• _TASK TO COMPLETE_:
Only one span of the listing below is wanted: the lines from the one with "6850 Royal Palm" through the one with "Trendy niche design, simple", reproduced exactly, both ends kept.

• _RECORDED INFORMATION_:
#####
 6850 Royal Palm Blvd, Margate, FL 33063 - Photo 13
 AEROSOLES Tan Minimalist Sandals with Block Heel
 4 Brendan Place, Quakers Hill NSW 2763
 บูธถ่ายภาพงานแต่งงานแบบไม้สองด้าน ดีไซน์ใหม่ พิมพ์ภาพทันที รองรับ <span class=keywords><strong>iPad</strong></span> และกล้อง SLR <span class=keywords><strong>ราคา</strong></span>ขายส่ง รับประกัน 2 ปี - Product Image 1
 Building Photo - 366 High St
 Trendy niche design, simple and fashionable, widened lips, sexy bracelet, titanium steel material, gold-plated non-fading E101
#####
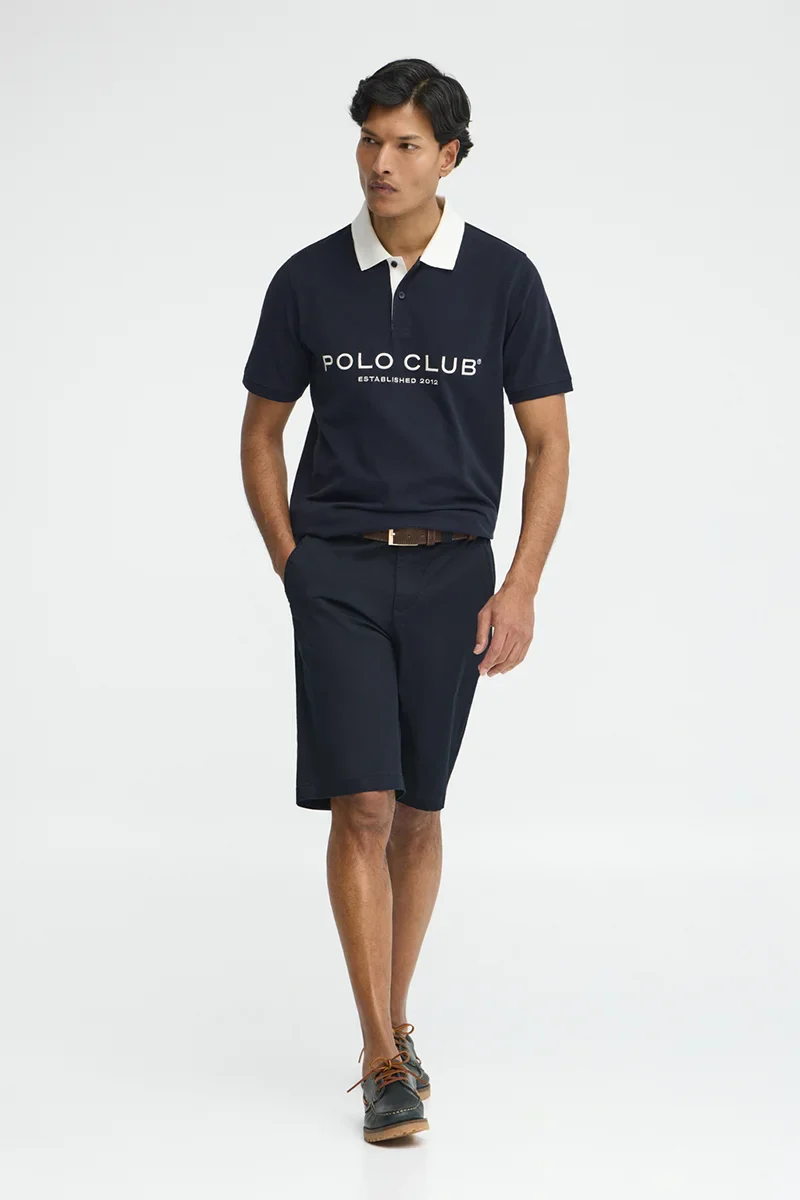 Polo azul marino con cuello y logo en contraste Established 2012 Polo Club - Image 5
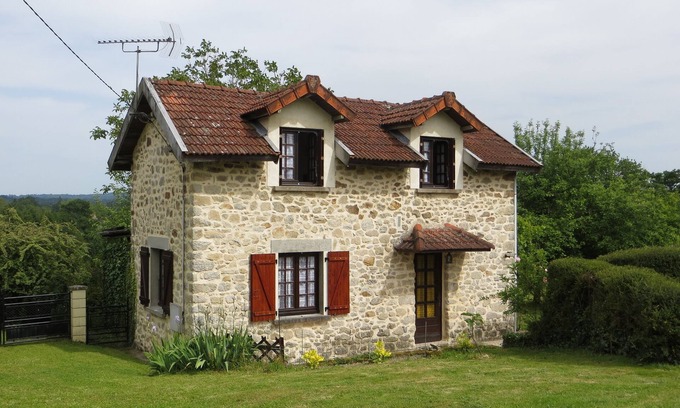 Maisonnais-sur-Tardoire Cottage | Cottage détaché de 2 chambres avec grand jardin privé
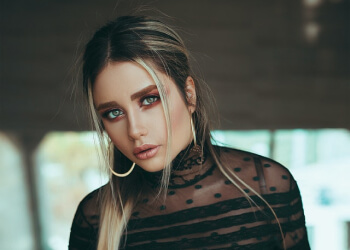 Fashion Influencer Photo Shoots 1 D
#####
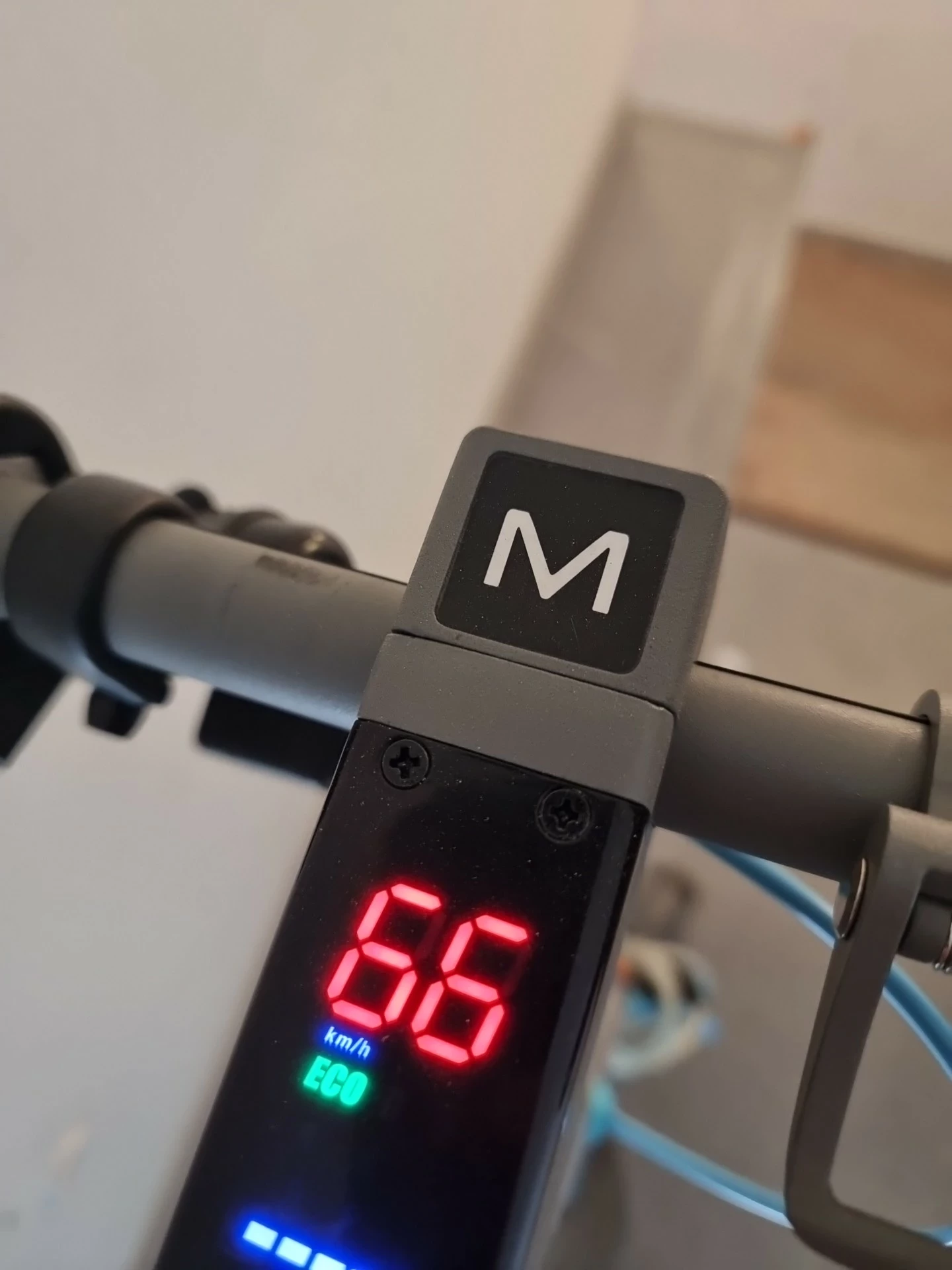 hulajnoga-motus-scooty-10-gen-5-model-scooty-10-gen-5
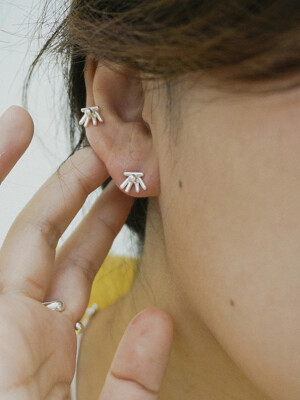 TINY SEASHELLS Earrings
#####
• _RESPONSE TO THE TASK_:
 6850 Royal Palm Blvd, Margate, FL 33063 - Photo 13
 AEROSOLES Tan Minimalist Sandals with Block Heel
 4 Brendan Place, Quakers Hill NSW 2763
 บูธถ่ายภาพงานแต่งงานแบบไม้สองด้าน ดีไซน์ใหม่ พิมพ์ภาพทันที รองรับ <span class=keywords><strong>iPad</strong></span> และกล้อง SLR <span class=keywords><strong>ราคา</strong></span>ขายส่ง รับประกัน 2 ปี - Product Image 1
 Building Photo - 366 High St
 Trendy niche design, simple and fashionable, widened lips, sexy bracelet, titanium steel material, gold-plated non-fading E101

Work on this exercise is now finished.